(Stored records)
■ ■ ■ ■ ■

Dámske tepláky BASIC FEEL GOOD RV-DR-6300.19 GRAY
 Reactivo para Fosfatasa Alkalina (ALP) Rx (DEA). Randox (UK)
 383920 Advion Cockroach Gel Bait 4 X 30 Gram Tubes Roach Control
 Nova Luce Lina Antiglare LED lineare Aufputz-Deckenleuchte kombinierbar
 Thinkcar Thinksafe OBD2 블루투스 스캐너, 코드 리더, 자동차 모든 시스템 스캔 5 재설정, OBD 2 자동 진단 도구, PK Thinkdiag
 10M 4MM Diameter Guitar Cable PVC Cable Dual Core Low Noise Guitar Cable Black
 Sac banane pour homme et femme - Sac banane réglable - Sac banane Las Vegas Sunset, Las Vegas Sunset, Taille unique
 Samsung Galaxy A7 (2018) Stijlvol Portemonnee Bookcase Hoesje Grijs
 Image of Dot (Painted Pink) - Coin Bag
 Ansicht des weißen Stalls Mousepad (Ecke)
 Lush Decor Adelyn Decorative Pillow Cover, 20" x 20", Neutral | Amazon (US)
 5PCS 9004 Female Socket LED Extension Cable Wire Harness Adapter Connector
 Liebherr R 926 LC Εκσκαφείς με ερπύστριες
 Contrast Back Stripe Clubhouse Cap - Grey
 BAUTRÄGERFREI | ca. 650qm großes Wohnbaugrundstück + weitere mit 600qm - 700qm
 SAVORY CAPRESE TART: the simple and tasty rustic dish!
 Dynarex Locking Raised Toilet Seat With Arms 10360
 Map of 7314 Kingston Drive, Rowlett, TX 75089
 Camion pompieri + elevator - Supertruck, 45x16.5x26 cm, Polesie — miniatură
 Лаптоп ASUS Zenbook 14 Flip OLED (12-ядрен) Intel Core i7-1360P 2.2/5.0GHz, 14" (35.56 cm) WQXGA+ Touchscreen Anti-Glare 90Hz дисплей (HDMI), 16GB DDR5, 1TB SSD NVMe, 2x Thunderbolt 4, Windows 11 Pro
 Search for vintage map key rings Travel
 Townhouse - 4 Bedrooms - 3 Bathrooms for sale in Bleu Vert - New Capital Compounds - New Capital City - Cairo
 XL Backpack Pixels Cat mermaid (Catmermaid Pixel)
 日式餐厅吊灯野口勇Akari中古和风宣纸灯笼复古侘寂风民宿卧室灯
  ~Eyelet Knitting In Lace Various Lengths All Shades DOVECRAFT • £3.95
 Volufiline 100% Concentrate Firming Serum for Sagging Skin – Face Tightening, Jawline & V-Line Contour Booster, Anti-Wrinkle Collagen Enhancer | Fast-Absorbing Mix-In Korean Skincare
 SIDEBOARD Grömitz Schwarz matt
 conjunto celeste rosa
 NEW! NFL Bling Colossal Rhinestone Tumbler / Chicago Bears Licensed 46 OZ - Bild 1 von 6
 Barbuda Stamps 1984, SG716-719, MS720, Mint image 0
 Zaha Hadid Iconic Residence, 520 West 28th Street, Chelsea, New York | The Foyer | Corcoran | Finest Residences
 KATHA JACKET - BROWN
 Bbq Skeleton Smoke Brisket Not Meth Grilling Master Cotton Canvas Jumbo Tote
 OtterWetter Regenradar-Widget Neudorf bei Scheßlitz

■ ■ ■ ■ ■

WORK ITEM:
Wherever a line contains the string "Cable", copy that line from the data.

WRITTEN RESPONSE:
 10M 4MM Diameter Guitar Cable PVC Cable Dual Core Low Noise Guitar Cable Black
 5PCS 9004 Female Socket LED Extension Cable Wire Harness Adapter Connector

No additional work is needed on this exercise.